Paradoxe logique, c’est bien le désir d’égalité qui est à l’origine des inégalités. C’est donc notre façon entière de penser l’homme, la société et l’économie qui est à refonder. Un petit essai, quoi qu’il en soit, qui rétablit une évidente clarté sur ces problèmes complexes. Une pensée originale qui regorge d’idées stimulantes pour bâtir l’avenir ; pour dépasser ce marasme intellectuel (réactionnaire ?) par trop attaché à l’universalisme du XVIIIe siècle. ■
Au delà des précieux rappels et exemples exposés, l’auteur a tort prendre M. Piketty pour punching-ball. Il est quelque peu injuste de parler de ses erreurs quand celui-ci fonde son analyse sur la longue existence des sociétés communautaires ou organiques, la plupart plus ou moins trifonctionnelles, reconnaissant ainsi leur raison d’être et leur relative harmonie. Il ne fait qu’analyser les conditions de l’épuisement de leur ciment idéologique. Outre l’accumulation des dérives et abus, individuels ou collectifs, que ces sociétés échouaient à contenir, ce sont la force des appétits, l’évolution des esprits, notamment du fait de la diffusion du message chrétien par l’imprimerie, et les nouvelles possibilités techniques qui sont la cause de cet épuisement. L’épanouissement de l’idéologie « propriétariste » que Piketty voit après 1789 ne serait ainsi que le résultat de l’impuissance des contre-pouvoirs (de nature idéologiques eux-aussi) que les sociétés traditionnelles opposaient à l’individualisme débridé.

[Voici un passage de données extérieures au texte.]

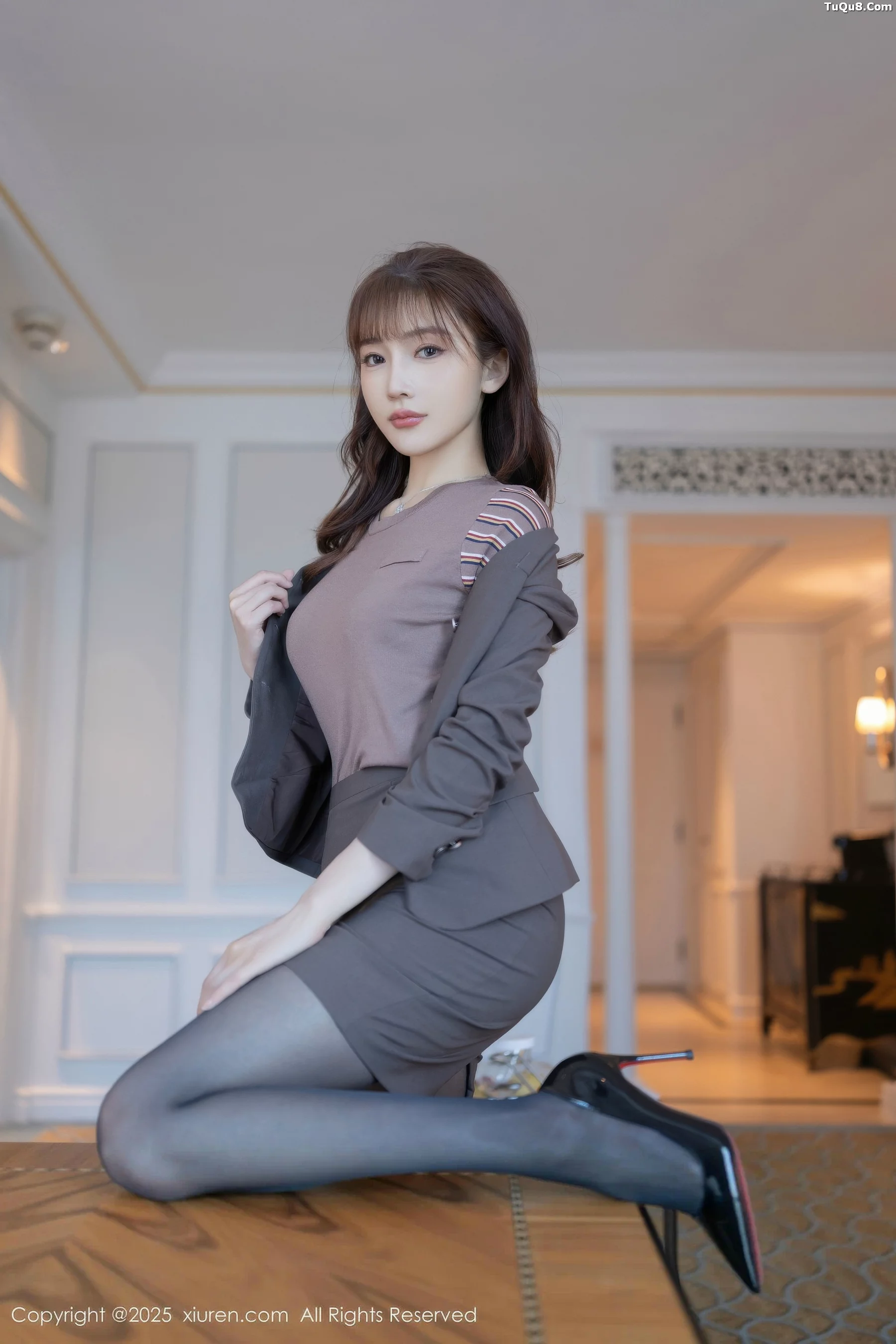 陆萱萱  [XiuRen]高清写真图 2025.10.10 No.10850 陆萱萱 性感OL第10张图片
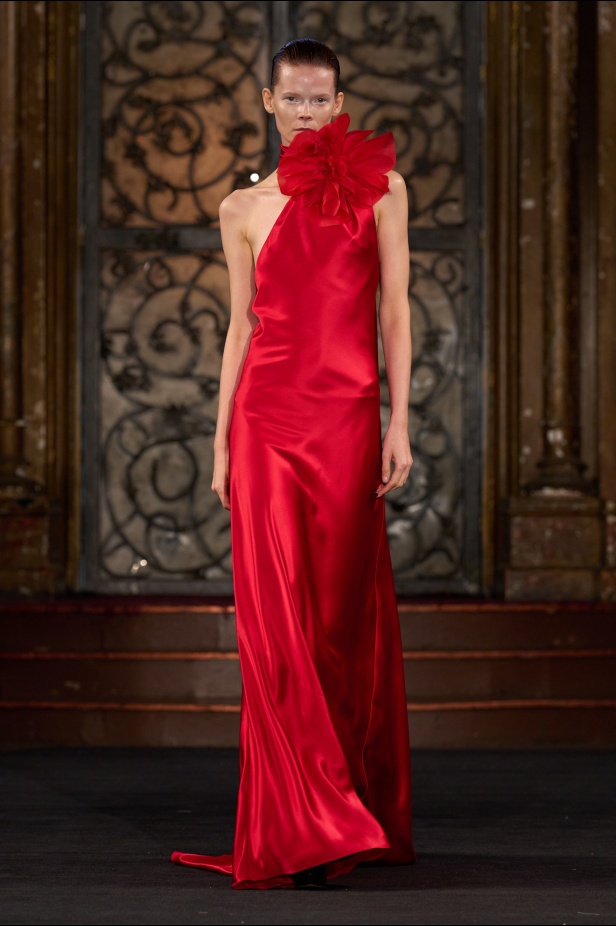 نعيم خان لمسات من الفخامة الكلاسيكية في أسبوع الموضة في نيويوك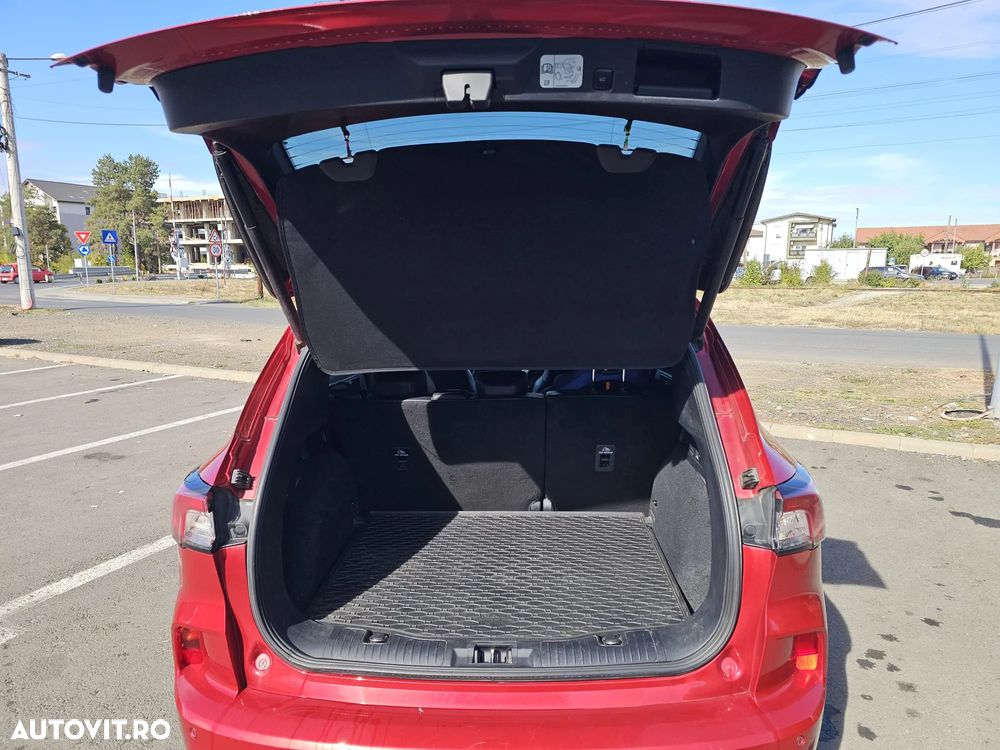 Ford Kuga - 10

J’ai, à ce sujet, un vague souvenir de considération de Fustel de Coulanges sur les deux traditions idéologiques, romaine et germanique, relatives au droit de propriété. La première autorisant explicitement l' »abusus », la seconde le soumettant à des exigences de type utilité commune, comme Thomas d’Aquin d’ailleurs…

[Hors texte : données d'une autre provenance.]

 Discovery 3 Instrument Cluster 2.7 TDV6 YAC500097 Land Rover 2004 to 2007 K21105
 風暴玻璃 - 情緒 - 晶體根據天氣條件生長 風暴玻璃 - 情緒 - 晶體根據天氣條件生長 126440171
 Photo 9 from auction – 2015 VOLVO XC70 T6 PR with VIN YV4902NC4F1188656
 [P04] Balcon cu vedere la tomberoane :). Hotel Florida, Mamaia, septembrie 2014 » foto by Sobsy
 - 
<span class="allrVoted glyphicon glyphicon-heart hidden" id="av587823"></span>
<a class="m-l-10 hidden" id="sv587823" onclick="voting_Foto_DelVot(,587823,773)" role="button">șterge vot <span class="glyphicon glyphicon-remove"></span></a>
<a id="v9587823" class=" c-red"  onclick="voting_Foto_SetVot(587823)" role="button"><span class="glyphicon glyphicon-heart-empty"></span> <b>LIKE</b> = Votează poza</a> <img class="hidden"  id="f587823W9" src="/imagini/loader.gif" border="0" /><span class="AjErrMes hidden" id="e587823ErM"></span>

L’esclavage est un exemple paroxystique de société à assignation de fonctions et pourtant caricaturalement propriétariste. Sur sa disparition progressive, Piketty propose une analyse éclairante des contradictions et luttes idéologiques à l’oeuvre. De même, l’Inde reste aujourd’hui une société à ordres où l’égoisme de caste, quand il n’est pas tempéré par les religions minoritaires, tolère et justifie les misères les plus effarantes.

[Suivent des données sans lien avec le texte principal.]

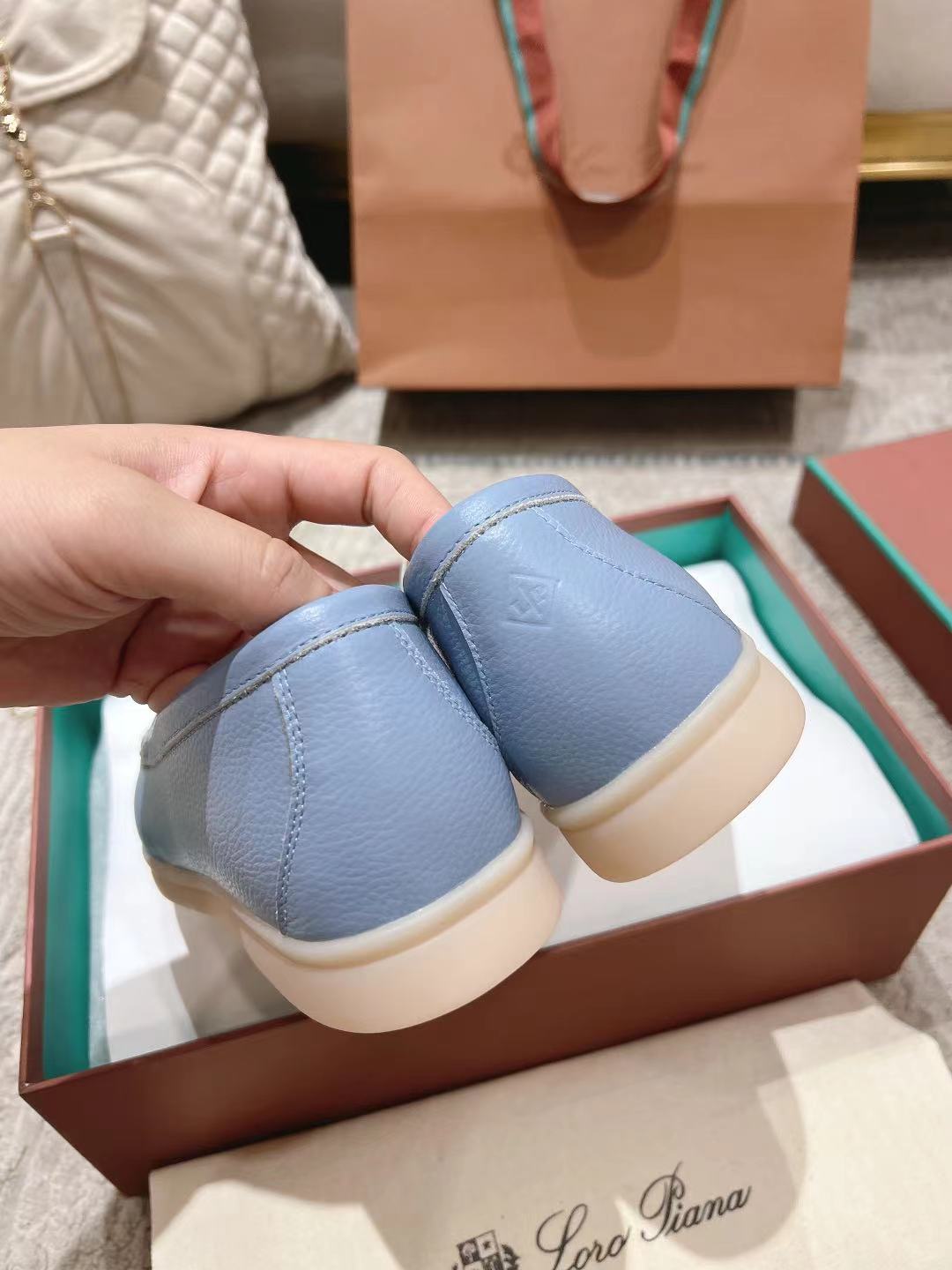 LP Summer Walk Light Blue Grain Leather 664628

Les communautés villageoises, quant à elles, auraient probablement survécu à l’individualisme effréné si les machines agricoles et les productions industrielles n’avaient pas totalement privé de leur valeur des millions de travailleurs manuels et d’artisans.
Il est finalement injuste de prêter à Piketty une adhésion inconditionnelle à l’individualisme intégral quand l’objet principal de son travail est de reconstruire des solidarités compatibles avec la société d’aujourd’hui.